◆ WHAT IS BEING ASKED:
Go through the entries below and print, exactly, the lines starting at the one with "A group of students" and ending at the one with "Yookidoo Baby Gym", keeping both ends and no others.

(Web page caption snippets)
== == ==
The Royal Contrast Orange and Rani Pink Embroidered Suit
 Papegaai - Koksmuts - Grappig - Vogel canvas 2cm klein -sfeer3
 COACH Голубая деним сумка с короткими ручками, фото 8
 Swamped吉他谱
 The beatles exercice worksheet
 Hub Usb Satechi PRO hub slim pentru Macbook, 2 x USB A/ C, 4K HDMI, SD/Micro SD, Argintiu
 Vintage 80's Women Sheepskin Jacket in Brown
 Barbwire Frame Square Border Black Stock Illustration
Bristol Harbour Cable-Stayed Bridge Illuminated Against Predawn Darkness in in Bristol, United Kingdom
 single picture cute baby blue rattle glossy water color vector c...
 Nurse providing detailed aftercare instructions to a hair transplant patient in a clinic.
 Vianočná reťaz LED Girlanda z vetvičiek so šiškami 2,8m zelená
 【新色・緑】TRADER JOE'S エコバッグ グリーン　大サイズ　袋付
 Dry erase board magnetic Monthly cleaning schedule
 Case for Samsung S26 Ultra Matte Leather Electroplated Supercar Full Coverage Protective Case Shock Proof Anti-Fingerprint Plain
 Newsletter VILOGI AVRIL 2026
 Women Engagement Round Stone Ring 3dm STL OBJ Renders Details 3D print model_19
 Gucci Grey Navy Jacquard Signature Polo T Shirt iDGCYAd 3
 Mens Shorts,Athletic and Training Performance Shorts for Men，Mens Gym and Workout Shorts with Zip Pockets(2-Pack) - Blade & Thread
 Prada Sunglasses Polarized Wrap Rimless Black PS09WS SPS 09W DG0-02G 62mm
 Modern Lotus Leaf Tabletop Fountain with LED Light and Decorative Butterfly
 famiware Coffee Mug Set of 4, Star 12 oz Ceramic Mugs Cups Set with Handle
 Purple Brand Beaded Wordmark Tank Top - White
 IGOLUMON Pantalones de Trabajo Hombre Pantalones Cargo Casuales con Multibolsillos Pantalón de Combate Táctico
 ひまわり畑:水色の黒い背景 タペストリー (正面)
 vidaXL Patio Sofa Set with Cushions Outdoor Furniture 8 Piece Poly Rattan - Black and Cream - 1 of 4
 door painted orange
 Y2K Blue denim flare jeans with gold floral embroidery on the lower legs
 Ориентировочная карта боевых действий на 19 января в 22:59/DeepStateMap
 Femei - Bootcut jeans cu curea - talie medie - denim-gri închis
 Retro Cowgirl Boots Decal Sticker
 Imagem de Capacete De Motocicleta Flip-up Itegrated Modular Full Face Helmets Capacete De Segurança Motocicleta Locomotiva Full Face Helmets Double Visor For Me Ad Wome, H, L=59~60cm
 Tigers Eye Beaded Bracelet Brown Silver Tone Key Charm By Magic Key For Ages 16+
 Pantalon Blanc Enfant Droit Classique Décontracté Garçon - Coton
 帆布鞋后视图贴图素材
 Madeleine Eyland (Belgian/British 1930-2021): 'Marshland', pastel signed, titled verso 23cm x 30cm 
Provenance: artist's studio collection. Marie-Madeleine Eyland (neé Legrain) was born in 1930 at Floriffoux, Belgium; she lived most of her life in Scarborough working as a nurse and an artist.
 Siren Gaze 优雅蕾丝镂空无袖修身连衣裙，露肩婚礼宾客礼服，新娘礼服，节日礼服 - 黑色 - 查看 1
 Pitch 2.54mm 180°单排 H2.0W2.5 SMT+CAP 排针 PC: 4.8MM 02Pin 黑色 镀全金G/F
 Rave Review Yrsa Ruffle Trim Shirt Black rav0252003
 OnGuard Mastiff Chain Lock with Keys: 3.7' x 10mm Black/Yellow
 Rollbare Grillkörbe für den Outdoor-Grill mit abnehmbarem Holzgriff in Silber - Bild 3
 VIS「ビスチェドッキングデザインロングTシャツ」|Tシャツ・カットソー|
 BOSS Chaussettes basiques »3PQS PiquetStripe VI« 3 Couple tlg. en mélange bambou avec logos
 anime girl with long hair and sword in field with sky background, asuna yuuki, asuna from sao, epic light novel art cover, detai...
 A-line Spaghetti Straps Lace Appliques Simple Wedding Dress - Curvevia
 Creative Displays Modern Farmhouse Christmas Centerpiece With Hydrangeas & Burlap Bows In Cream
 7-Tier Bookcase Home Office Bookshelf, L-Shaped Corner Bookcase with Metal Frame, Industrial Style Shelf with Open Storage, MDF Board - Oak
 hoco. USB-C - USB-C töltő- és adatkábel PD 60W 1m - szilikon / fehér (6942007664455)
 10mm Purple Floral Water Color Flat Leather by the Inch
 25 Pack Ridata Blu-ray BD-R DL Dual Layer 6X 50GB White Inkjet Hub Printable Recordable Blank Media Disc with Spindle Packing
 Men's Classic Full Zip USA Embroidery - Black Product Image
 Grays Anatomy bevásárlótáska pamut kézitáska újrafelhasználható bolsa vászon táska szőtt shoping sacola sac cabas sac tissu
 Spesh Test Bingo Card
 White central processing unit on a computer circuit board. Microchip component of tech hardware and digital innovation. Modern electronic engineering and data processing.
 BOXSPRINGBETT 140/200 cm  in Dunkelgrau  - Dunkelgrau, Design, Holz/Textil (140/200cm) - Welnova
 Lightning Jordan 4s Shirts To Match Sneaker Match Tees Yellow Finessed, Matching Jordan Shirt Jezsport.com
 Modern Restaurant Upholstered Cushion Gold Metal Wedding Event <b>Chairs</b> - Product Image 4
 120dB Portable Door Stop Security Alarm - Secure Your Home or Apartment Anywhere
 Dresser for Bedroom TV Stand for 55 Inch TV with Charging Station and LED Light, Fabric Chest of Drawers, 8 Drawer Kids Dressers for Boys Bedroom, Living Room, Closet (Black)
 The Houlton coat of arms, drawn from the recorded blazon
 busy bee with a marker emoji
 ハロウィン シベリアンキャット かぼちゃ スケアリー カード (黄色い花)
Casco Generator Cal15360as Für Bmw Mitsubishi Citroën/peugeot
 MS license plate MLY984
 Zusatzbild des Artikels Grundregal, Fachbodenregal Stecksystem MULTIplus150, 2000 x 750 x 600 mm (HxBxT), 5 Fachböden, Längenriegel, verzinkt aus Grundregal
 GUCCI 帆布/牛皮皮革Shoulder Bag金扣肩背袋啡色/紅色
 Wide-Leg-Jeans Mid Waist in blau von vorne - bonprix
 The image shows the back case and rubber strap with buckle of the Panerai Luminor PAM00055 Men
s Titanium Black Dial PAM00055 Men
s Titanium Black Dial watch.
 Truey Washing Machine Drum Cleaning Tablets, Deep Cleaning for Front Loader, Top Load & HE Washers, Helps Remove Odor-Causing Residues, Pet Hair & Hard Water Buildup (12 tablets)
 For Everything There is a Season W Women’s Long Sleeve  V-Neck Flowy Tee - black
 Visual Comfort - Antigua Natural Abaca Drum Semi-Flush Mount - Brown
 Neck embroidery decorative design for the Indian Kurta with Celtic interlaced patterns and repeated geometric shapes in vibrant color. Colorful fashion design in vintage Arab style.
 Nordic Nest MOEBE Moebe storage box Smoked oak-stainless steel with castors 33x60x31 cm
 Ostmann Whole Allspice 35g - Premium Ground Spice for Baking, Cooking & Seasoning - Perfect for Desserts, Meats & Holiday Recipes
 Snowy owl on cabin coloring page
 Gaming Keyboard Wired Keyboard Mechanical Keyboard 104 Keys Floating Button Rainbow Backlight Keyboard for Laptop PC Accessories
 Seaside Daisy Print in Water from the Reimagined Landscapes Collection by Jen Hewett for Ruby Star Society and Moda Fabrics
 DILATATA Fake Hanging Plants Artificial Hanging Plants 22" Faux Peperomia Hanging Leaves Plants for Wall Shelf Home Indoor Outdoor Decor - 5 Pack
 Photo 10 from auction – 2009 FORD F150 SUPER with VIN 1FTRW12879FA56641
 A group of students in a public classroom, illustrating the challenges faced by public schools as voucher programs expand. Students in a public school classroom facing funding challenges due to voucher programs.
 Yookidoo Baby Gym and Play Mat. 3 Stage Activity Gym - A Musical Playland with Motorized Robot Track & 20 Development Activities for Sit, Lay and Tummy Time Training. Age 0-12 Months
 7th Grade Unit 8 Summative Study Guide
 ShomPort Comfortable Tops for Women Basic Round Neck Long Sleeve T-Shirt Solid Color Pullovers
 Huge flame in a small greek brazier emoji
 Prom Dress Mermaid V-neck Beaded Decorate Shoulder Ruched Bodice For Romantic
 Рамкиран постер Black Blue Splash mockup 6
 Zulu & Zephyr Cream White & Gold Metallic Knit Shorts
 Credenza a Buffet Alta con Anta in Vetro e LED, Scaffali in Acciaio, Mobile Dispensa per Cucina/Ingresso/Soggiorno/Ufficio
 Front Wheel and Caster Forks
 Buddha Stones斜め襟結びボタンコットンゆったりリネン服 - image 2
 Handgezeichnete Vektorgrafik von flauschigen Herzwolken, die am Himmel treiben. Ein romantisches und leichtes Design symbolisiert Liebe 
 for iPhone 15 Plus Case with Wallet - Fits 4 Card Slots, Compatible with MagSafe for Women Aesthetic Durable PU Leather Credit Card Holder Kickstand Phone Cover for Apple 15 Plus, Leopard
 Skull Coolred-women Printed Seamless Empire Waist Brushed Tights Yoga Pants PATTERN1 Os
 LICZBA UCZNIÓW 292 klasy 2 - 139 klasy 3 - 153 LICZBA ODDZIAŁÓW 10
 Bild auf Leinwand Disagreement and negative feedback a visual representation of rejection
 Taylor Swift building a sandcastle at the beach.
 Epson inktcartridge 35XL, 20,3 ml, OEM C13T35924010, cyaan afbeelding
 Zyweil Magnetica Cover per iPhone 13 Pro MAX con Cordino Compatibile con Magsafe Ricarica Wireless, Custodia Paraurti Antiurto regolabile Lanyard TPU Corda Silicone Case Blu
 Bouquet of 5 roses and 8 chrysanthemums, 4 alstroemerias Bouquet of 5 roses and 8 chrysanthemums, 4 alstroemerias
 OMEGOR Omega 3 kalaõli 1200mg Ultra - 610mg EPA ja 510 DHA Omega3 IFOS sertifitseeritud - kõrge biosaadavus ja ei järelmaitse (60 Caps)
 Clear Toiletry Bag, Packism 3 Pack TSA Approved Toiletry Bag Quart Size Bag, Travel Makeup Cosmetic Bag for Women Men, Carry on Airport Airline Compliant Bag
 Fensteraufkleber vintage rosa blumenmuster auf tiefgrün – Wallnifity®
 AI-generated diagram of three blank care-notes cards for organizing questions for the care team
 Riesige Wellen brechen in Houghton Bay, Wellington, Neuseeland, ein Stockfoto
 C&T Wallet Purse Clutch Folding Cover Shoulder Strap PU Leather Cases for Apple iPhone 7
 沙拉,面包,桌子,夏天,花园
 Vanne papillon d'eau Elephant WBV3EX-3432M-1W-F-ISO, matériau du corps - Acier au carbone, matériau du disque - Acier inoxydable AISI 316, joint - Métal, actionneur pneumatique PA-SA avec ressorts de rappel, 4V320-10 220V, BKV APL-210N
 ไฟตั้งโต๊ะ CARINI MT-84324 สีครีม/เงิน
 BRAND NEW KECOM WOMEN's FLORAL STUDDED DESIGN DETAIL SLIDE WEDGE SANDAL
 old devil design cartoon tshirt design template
== == ==
◆ SOLUTION FOR THIS PROBLEM:
 A group of students in a public classroom, illustrating the challenges faced by public schools as voucher programs expand. Students in a public school classroom facing funding challenges due to voucher programs.
 Yookidoo Baby Gym and Play Mat. 3 Stage Activity Gym - A Musical Playland with Motorized Robot Track & 20 Development Activities for Sit, Lay and Tummy Time Training. Age 0-12 Months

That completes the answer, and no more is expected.